Traditionally, metastatic breast cancer is considered to be incurable, and the goals of treatment are the prolongation of life and the palliation or prevention of symptoms. Within this context, it is not surprising that local therapy is not routinely recommended for patients presenting with stage IV disease and intact primary tumors. Surgery is reserved for patients who develop complications such as bleeding, ulceration, and infection at the primary tumor site, a type of surgery that historically has been described as “toilette” mastectomy. In this issue of the Journal of Clinical Oncology, Rapiti et al1 present the results of a retrospective, population-based study of the impact of surgical therapy of the primary tumor on survival outcomes in 300 women with metastatic disease at the time of the initial diagnosis of breast cancer. The authors observed that women having surgery of the primary tumor had a 50% reduction in breast cancer mortality compared with women who did not undergo surgery, the survival benefit was limited to women with tumor-free margins of resection, and a significant survival benefit for axillary surgery was not observed.
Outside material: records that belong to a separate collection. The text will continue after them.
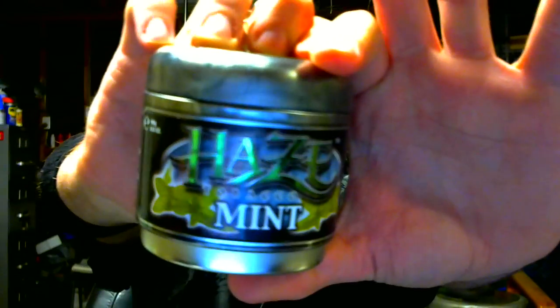Just mint. Nothing special, nothing pretty, nothing fancy — not like 'oh, I'm so beautiful.' Just mint.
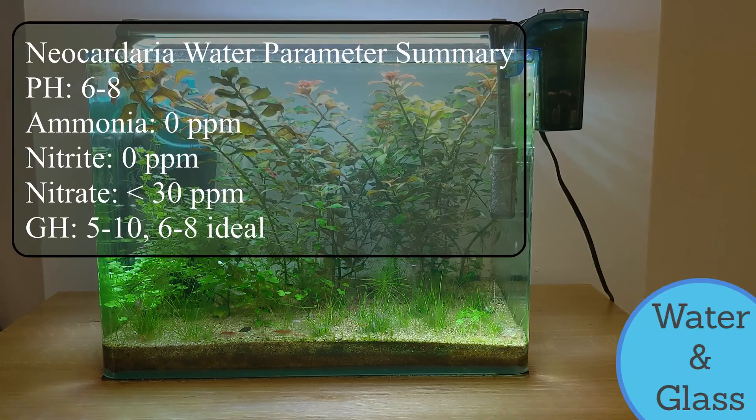Thanks for watching. I've put some of the water parameters you're aiming for up on the screen. Upcoming videos I have planned include some reviews of aquarium lights, as well as a review of the tank itself and the light and filter it comes with. This Penplex radius curved glass tank is quite neat looking. I will also be examining in detail why you sand over aqua soil or dirt. Thanks for watching and I'll see you next time.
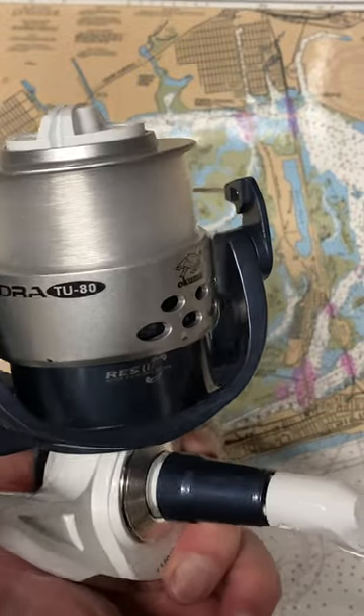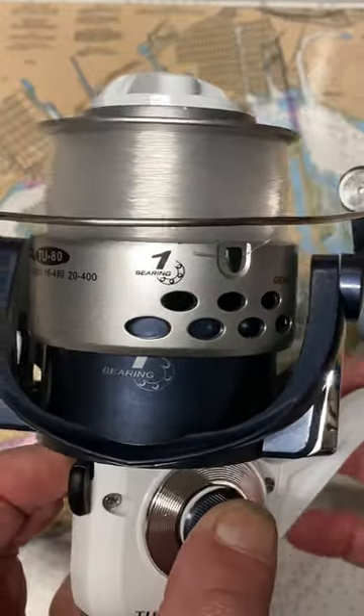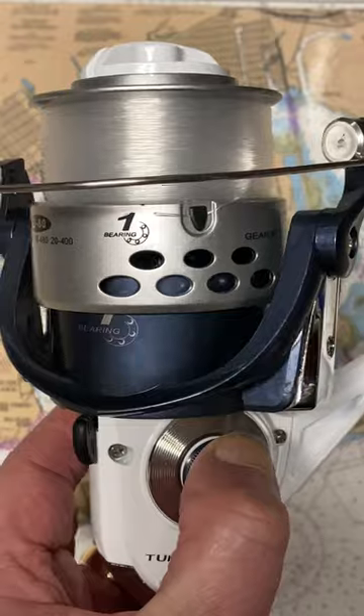It has a lot of capacity. It has a nice setup in terms of a gear ratio. It is limited as value-priced reels are — it has a single ball bearing, but that doesn't stop the performance of the reel.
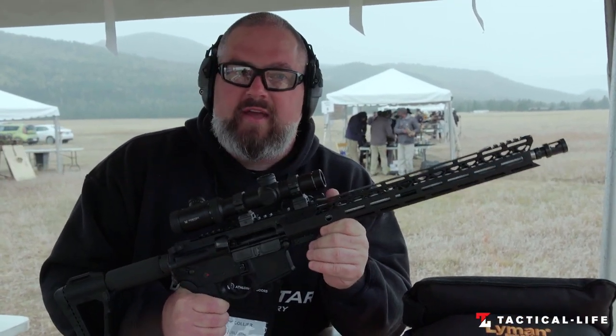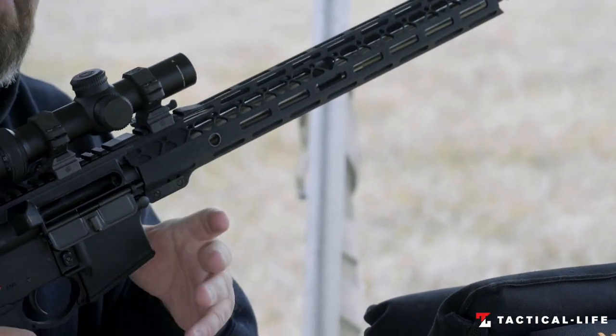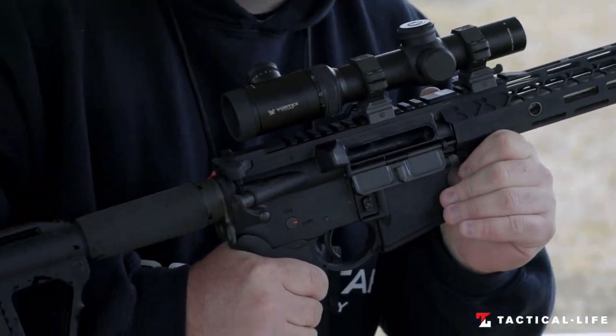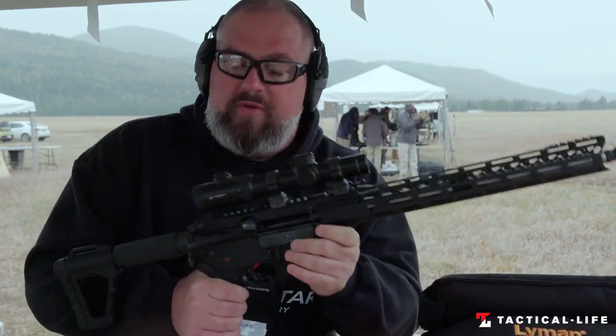What I'm going to talk about today is our Zero Carbine. This one is an improvement over an existing model. We basically upgraded the Always Ready Carbine with some new components, a little nicer barrel, and here's what we've got.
These results are strikingly similar to those reported by Khan et al2 in a retrospective study of 16,023 patients presenting with stage IV disease at initial breast cancer diagnosis. In the work of Khan, surgery of the primary tumor was associated with a 39% reduction in the risk of death, with a 3-year survival of 35% for patients excised to negative margins, 26% for those with positive margins, and 17.3% for those not having surgery (P < .0001). Again, axillary dissection was not found to contribute significantly to survival.
Both Rapiti et al1 and Khan et al2 adjusted for factors such as number of metastatic sites, location of metastases (visceral v bone and soft tissue), and type of systemic therapy that might have differed between patients who had surgical treatment and those who did not. However, both studies concluded that unrecognized selection bias may have accounted for the observed benefit of surgery, and only a large, prospective randomized trial could determine reliably whether surgery of the primary tumor prolongs survival in the patient presenting with metastatic breast cancer.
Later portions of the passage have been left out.